Chapters 11 & 12: Getting Salty

Put simply, Chapter 11 and 12 deal with the topic of salt and how to use it to make your meat better.

Chapter 11: Brining Maximizes Juiciness in Lean Meats

Yet another topic I've heard but not really understood much (this has happened a lot in this book...more than I was expecting..).

A brine is a salt water mixture, but apparently the ratio of salt to water matters. Their ratio is 1 cup salt to 2 gallons of water. ....which seems like a lot so I will do some math... 1 tablespoon of salt to 2 1/4 cups of water.. Ok. I'm tracking. Proceed.

So what is chemically happening with a brine?

It's all about homeostasis. Remember that from 7th grade? Everything wants to be in balance.

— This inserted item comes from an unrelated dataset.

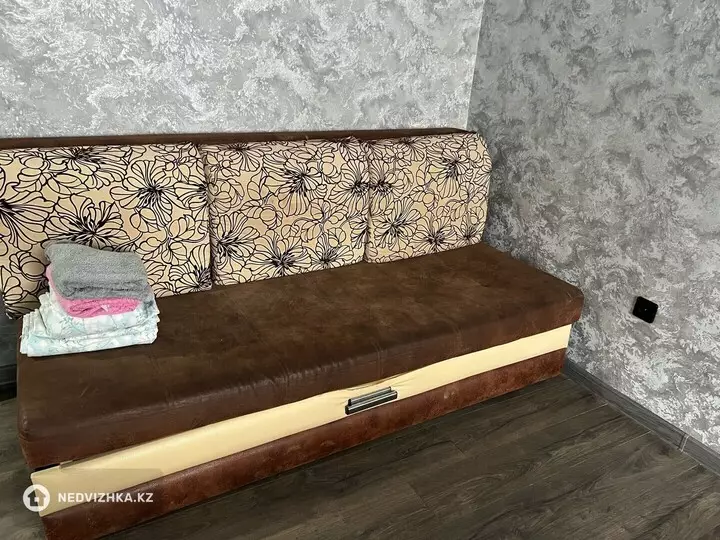 1-комнатная квартира, этаж 1 из 5, 40 м², Посуточно, фотография 5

Our meat has less salt content than our brining solution. So because of homeostasis, salt from the brine travels into the meat (this is called diffusion). And then when the meat because super salty, it starts to soak up the water to balance (this is called osmosis. --Why are there two terms for the same process? I was clearly not a science major..)

So now we have our meat with added salt and water. There are 3 benefits to this:

  1. Added water = added juiciness
  2. Added salt breaks down some cell walls, making meat more tender
  3. Salt adds seasoning to meat

Chapter 12: Salt Makes Meat Juicy and Skin Crisp

Another chapter about salt, you ask? Yes! But why? Here's what I collected:

Soaking meat in a brine makes meat tender and juicy in 3 ways (see above). But thinking back to Chapter 2 on the Maillard reaction, excess moisture on the skin will prevent the Maillard reaction from happening.

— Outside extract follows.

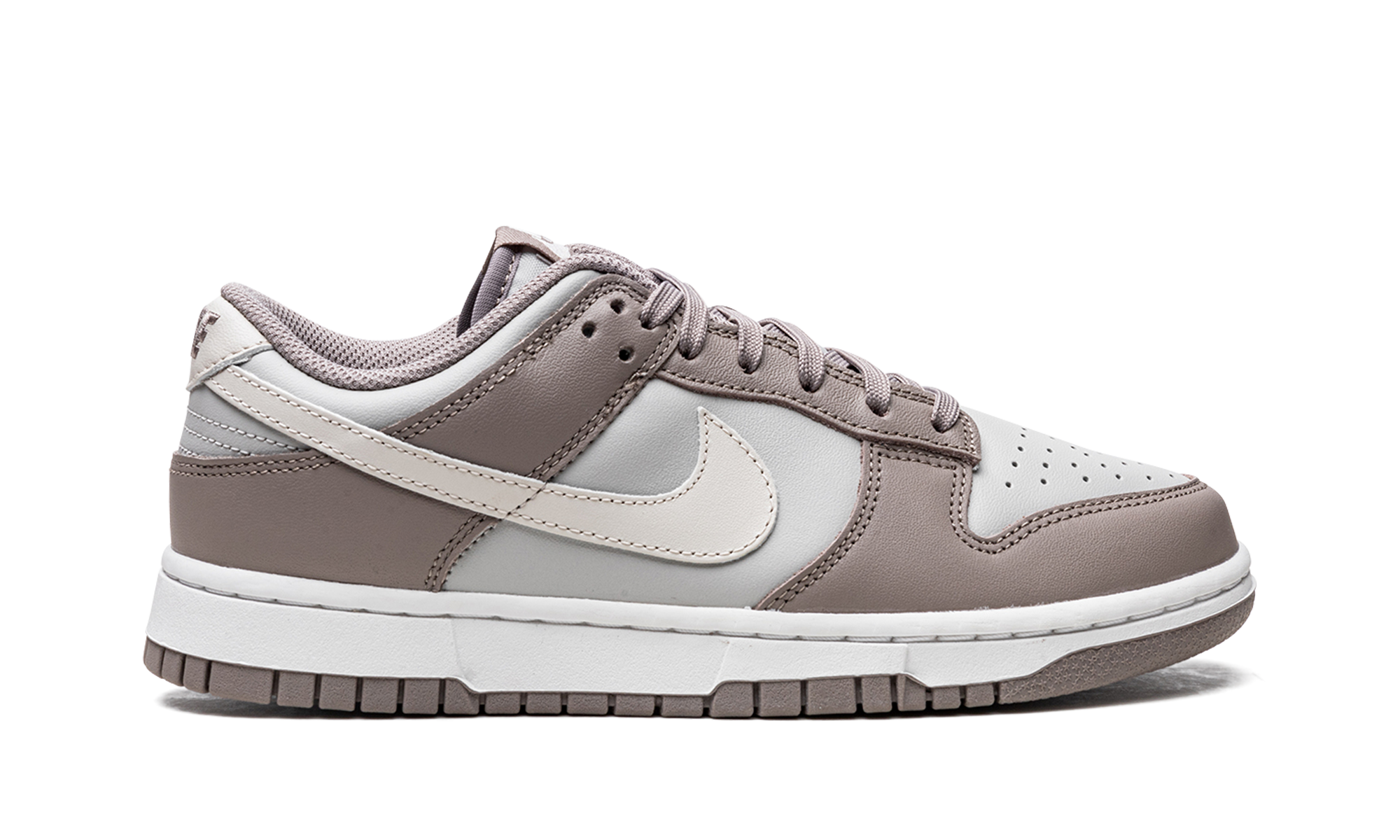 Nike Dunk Low Bone Beige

So how do we have our cake steak and eat it too?? Keep the salt. Lose the water.

Now we aren't brining, we are salting. Without water, the first step in this science process is that some water from the meat is actually drawn out of the meat and near the salted skin, created very shallow brine in a sense. Then you know the drill, salt is drawn in, water is drawn back in. And because the mat is not soaking in water, the skin remains dry. Which means, MAILLARD browning.

In the Cook's Illustrated test between brining chicken and salting chicken, both batches received equal praise for juiciness and flavor, but the salted chicken had crispier and more flavorful skin (compared to soggy skin. not good eats).

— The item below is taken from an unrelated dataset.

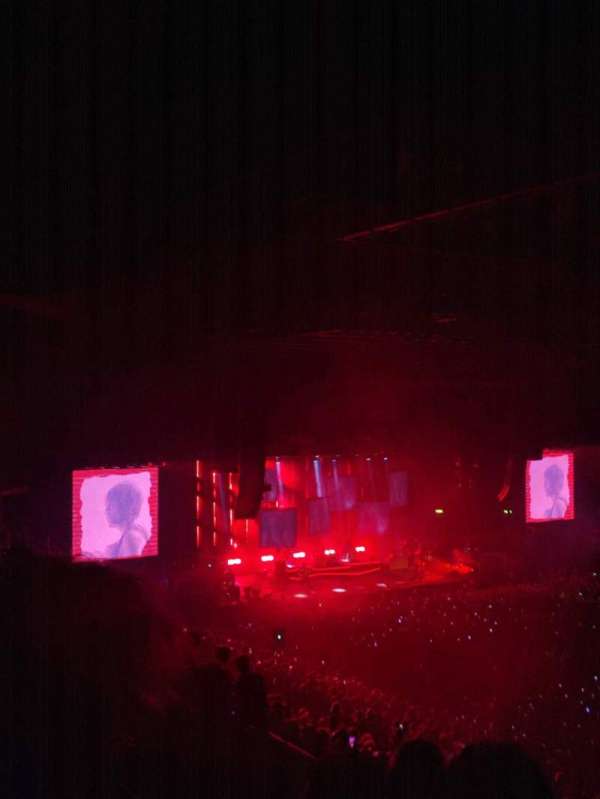 Unipol Arena, section: 2 anello ovest D, row: 9, seat: 23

This week's recipe: Crisp Roast Chicken

Salt can bring in a partner in crime to help encourage the Maillard reaction: baking powder. It helps to break down and dehydrate the skin (along with some other sciency things). So I thought I would take a crack at cooking a whole chicken.

rubbed chicken
rubbed chicken

very important detail of brining/salting is that you need to give it time. Too quickly, and the process will not complete.  So the night before, I put my rubbed chicken in the fridge:

Have you ever rubbed down a whole chicken? It's an unexpected weird experience. I've handled plenty of chicken, beef, pork, fish, etc., but never whole. I felt the limbs moving, the joints, everything! It truly felt like I was holding an animal. Which was both unsettling and humbling at once. Try it sometime. Gives you an appreciation for what you are eating.

The next night, I baked the chicken. It called for a v-rack. I didn't have one (we literally have no more space for kitchen gadgets right now), so i just put it on a baking sheet.

IMG_2194
IMG_2194

Turned out crispy juicy and tender!

Ok. Back on the horse. Chapter 13 here I come!